Hamburg-Hausbruch

Nackten am Bahnhof gestoppt - 30 Männer überfallen Polizisten

Foto: TVR-Newsnetwork

Als die Beamten den Exhibitionisten ansprachen, wurden sie mit Flaschen und Steinen angegriffen. Fünf Polizisten verletzt, einer lebensbedrohlich!

Hamburg. Erst war es ein Routineeinsatz, dann wurde es lebensgefährlich: Nach Darstellung der Polizei war eine Streifenwagenbesatzung abends wegen einer angeblichen Schlägerei zum Bahnhof Neuwiedenthal gerufen worden. Die Beamten stellten vor Ort allerdings nichts fest, sodass sie sich auf den Rückweg machten.

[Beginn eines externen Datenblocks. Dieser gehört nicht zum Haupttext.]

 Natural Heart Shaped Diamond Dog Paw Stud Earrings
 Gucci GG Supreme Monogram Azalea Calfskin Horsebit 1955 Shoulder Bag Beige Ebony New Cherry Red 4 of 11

Noch im Rehrstieg wurden sie auf eine Frau mit zwei Kindern aufmerksam und bemerkten gleichzeitig einen Mann, der der Passantin sein Geschlechtsteil präsentierte. Die Polizisten hielten an, um den Mann zu überprüfen und seine Personalien festzustellen. Noch während der Überprüfung des 27-Jährigen wurden die Polizisten plötzlich von rund 30 jungen Männern zunächst verbal und anschließend tätlich, u. a. durch Stein- und Flaschenwürfe, angegriffen.

Die Polizisten setzten Pfefferspray und Schlagstöcke ein, um sich der Angriffe zu erwehren. Gleichzeitig forderten sie Unterstützung an. Auch diese Beamten wurden von den Tätern angegriffen. Zwei Polizisten gingen im Verlauf der Auseinandersetzung zu Boden und wurden trotzdem weiter mit Schlägen und Tritten traktiert.

Die Täter flüchteten schließlich. Bei der Fahndung gelang es, 16 Verdächtige im Alter zwischen 15 und 32 Jahren festzunehmen. Insgesamt wurden fünf Polizisten (35, 44 und 46 Jahre) verletzt. Einer der 46-jährigen Polizeibeamten erlitt lebensbedrohliche Kopfverletzungen, unter anderem Brüche der Nase, des Kiefers und des Jochbeins, und liegt weiterhin im Krankenhaus. Die anderen Opfer erlitten Gesichts-, Nacken- und Rückenverletzungen und wurden ebenfalls in einem Krankenhaus behandelt.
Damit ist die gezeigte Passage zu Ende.